***** DATA TO USE
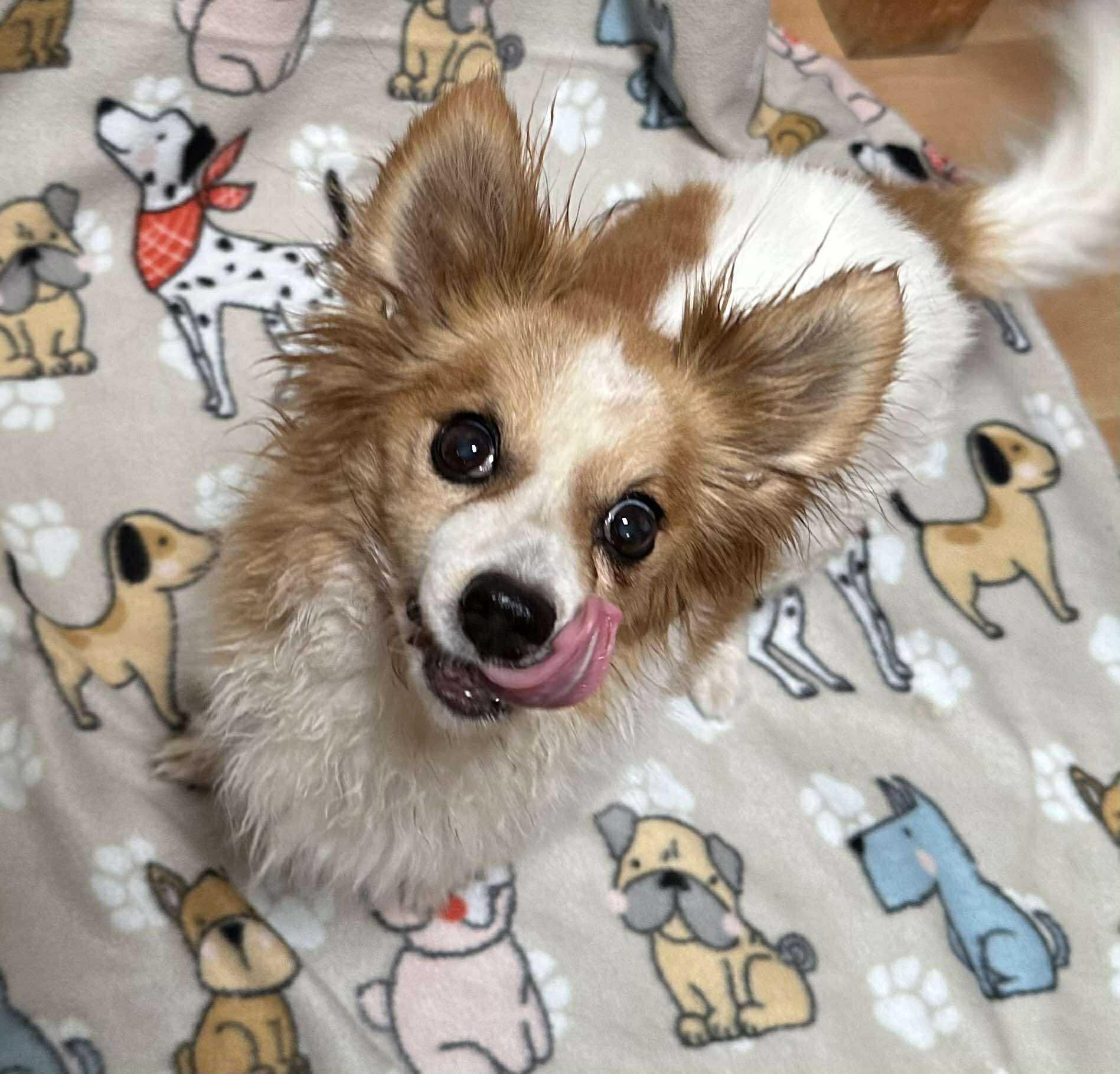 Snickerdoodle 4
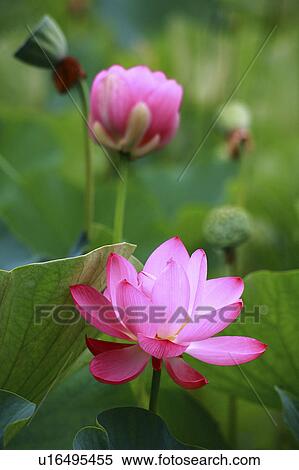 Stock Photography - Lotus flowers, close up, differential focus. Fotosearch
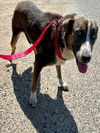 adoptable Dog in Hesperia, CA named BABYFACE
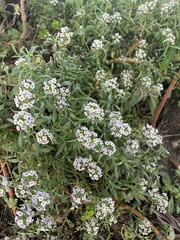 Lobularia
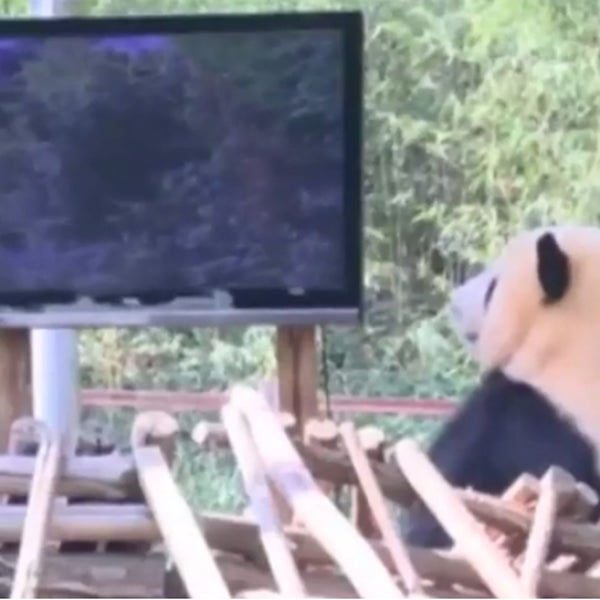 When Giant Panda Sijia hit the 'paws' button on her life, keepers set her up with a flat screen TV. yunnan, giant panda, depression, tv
**********
▶ [WHAT THIS TASK INVOLVES]: Without the pictures, repeat all the records word for word.

▶ [EXERCISE RESULT]:
 Snickerdoodle 4
 Stock Photography - Lotus flowers, close up, differential focus. Fotosearch
 adoptable Dog in Hesperia, CA named BABYFACE
 Lobularia
 When Giant Panda Sijia hit the 'paws' button on her life, keepers set her up with a flat screen TV. yunnan, giant panda, depression, tv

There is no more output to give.